MUCH of the confusion that marks the debate on the creation of new provinces is due to the absence of a reasonable, democratic and comprehensive constitutional provision on the issue.
The sole reference to the subject is found in Article 239(4) which says:
“A bill to amend the constitution which would have the effect of altering the limits of a province shall not be presented to the president for assent unless it has been passed by the provincial assembly of the province by the votes of not less than two-thirds of its total membership.”
The present wording of the provision was decided by Ziaul Haq vide Presidential Order 14 of 1985. In the original 1973 provision, no bill on the subject could be passed by the National Assembly unless it had been adopted by the provincial assembly.
The change is significant. Under the original 1973 text, the National Assembly could pass a bill affecting a province’s boundaries only after the provincial assembly concerned had adopted it. Now the question of the provincial assembly’s approval arises only when the bill is presented to the president for assent, i.e., after it has been adopted by the National Assembly and the Senate.
The 1973 provision was taken without any change from the Ayub constitution of 1962 (Article 210) when there was no Senate and the word parliament was not favoured. It was in fact a simplified version of the provision of the 1956 constitution (Article 216, first proviso) and which Zia preferred to the 1973 text.
The present provision is flawed on two important counts. First, alteration in the limits of a province can mean addition of some territory to a province as well as deletion of some area from it and the principal stakeholders in the two transactions — the people affected by the change — may have different perspectives.
Secondly, consultation with the province concerned is envisaged after the adoption of the measure by the National Assembly and the Senate and not earlier, and there is no mention of the wishes of the people likely to be affected.

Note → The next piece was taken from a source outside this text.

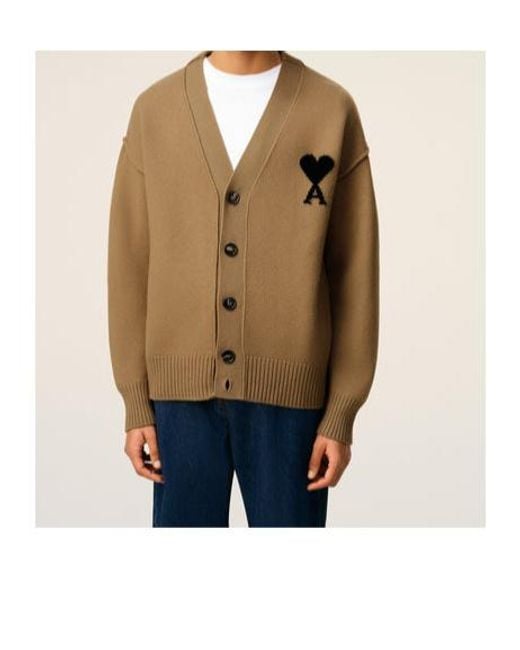 AMI Natural Ami De Coeur V-Neck Cardigan for men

This lack of concern for the wishes of the people of the territory under transfer is in sharp contrast to the privilege allowed to the population of the Federally Administered Tribal Areas.
Under Article 247 (6) the political/administrative status of the people of the whole or any part of a tribal area can be changed by the president by a stroke of the pen. However, before passing any order the president must ascertain the wishes of the people concerned “in such manner as he (himself) considers appropriate”, although the forum of consultation has to be the tribal jirga.
No such privileges for the people who may be shunted from one provincial entity to another.
The casualness with which our constitution treats the issue of creation of new provinces or alterations in the limits of a province and ignores the principles followed in the constitutional documents of the pre-Independence period is truly astounding.
The Government of India Act of 1935 had a clear provision for the creation of new provinces. Under Article 290 His Majesty-in-Council could by order (a) create a new province (which could be headed by a governor or a chief commissioner); (b) increase the area of any province; (c) diminish the area of any province; (d) or alter the boundaries of any province.This power of the monarch was subject to the condition that before his order was laid before the British parliament, the secretary of state was to ascertain, in accordance with the Crown’s directives, the wishes of (i) the federal government; (ii) both Houses of the federal parliament, (iii) the government of any province that would be affected; and (iv) the legislature of that province.
At Independence, His Majesty’s powers were transferred to the governor-general. Otherwise, the relevant article was retained in Pakistan’s provisional constitution till the enforcement of the constitution of 1956.
In addition to ignoring the sound precedent set in the 1935 Act, Pakistan’s constitution-makers also took no notice of the course adopted by India. Instead of putting the subject of new provinces in the final pages of the basic law, the authors of the Indian constitution took up the matter in Article 3, which says:
Formation of new states and alteration of areas, boundaries or names of existing states. Parliament may by law, (a) form a new state by separation of territory from any state or by uniting two or more states or parts of states or by uniting any territory to a part of any state; (b) increase the area of any state; (c) diminish the area of any state; (d) alter the boundaries of any state; (e) alter the name of any state.
A proviso to the article stipulates that no bill on the subject can be moved in either House of parliament except on the recommendation of the president, who will allow the bill to be moved only after receiving the views of the state legislature concerned.
Respect for the wishes of the people affected by any alteration in provincial limits has a fairly long history in our part of the world. In 1905, Lord Curzon partitioned Bengal partly for administrative reasons and partly as a concession to the Muslim-dominated eastern part of the province but he ignored the interests/wishes of the western part and the latter forced the step to be taken back. In 1947, the fate of the divided parts of Punjab and Bengal was decided by members of the assemblies elected from those parts, meeting separately.